Mit Freude Arzt sein...

Christoph Meyer, Vorstand der Q-pharm, zur aktuellen Lage

Die Halbwertszeiten der Gesundheitsreformen werden immer kürzer. Mit  aller Gewalt sollen etablierte Strukturen abgeschafft werden. „Da bleibt die Freude am Beruf ganz schnell auf der Strecke", so Q-Pharm-Vorstandssprecher Christoph Meyer.

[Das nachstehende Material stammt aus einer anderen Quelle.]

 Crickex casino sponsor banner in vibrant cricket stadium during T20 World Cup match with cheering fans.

Er führt in einem Beitrag für die aktuelle „perspectiv" weiter aus: Unsicherheiten im Praxisalltag nehmen ständig zu und letztlich ist dann auch das betriebswirtschaftliche Ergebnis nicht mehr mit der notwendigen Zuverlässigkeit zu kalkulieren. Die Gegenwart in unserer Gesellschaft ist durch „Geiz"- und „Vorteils"-Mentalität geprägt, und das macht auch nicht vor den Krankenkassen halt. Rabattverträge sollen den Kassen pekunäre Vorteile erbringen, was mit den Arztpraxen und den Patienten geschieht wird sekundär. Selektivverträge spielen zu nehmend eine Rolle, doch bald werden bei der Kleinstaaterei des Krankenkassensystems die Übersichtlichkeit und damit die Umsetzbarkeit in den Arztpraxen nicht mehr gegeben sein.

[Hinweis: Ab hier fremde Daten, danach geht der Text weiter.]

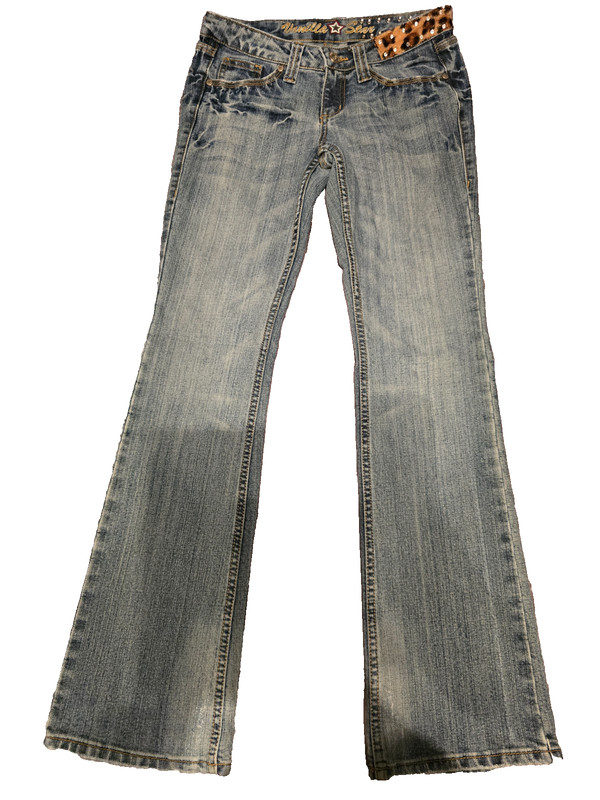 Vintage Vanilla Star Y2K Bootcut Flare Jeans Juniors sz 3 Leopard Accents Denim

Die körperschaftlichen Einrichtungen verlieren politisch gewollt zunehmend ihre Bedeutung und Reichweite. Alles das muss ein Gefühl tiefer Ohnmacht in der Ärzteschaft erzeugen. Schlussendlich werden nicht nur Arzneimittel und Therapieformen sondern auch die Ärzte selbst zum Gegenstand wilder Substitutionsvorgänge. So wird ein Gefühl des Verlassenseins Platz nehmen in den bundesdeutschen Arztpraxen und für viele Praxisinhaber ist damit die Freude am und im Beruf erst einmal dahin.

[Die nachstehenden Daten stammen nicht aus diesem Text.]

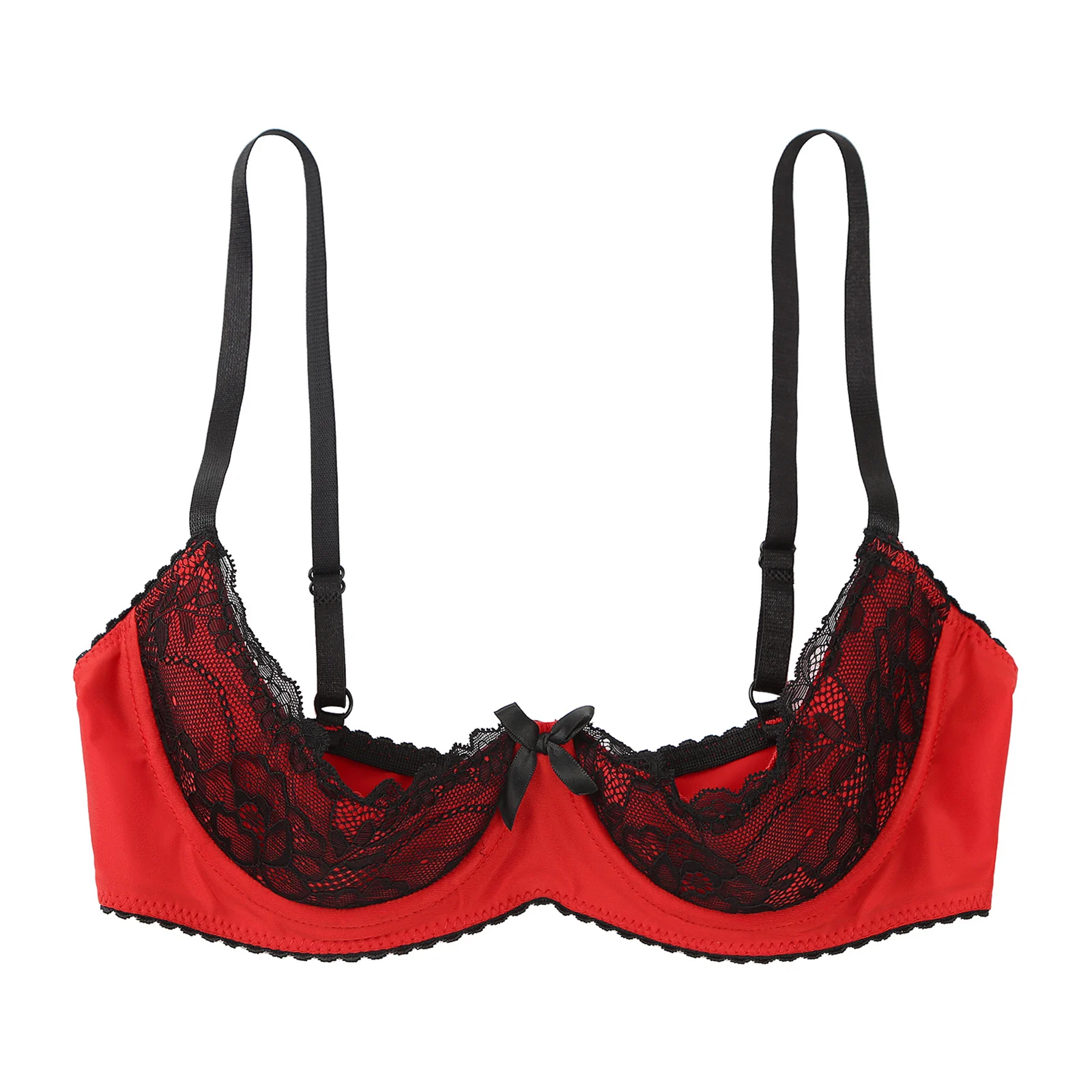 Women's Sexy Push Up Lace Bra, Half Cup Underwire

Die Gründung der Ärztegenossenschaften war und ist unter diesen Voraussetzungen ein wesentlicher Schritt in die einzig richtige Richtung. Genossenschaftsrecht kennt keine Gleichmacherei. Jeder darf zu erst einmal so sein und bleiben, wie er es wünscht. Die Stärke der Ärztegenossenschaften rührt her aus der Bündelung dieser vielfachen Einzelkompetenzen in einem verbindlichen Rahmen. Dieser verbindliche Rahmen schafft dann die Möglichkeiten, völlig neue Vertragsstrukturen mit den Krankenkassen auszuhandeln. Klare Vergütungs- und Leistungsbeschreibungen sind wesentliches Kennzeichen dieser „neuen Welt". Die Einbindung eines aktiven und wirtschaftlichen  Arzneimittelmanagements durch konsequente Verordnung der Q-Pharm-Arzneimittel macht diese Verträge für die Krankenkassen attraktiv, was sich in einer deutlich besseren Honorierung niederschlagen wird.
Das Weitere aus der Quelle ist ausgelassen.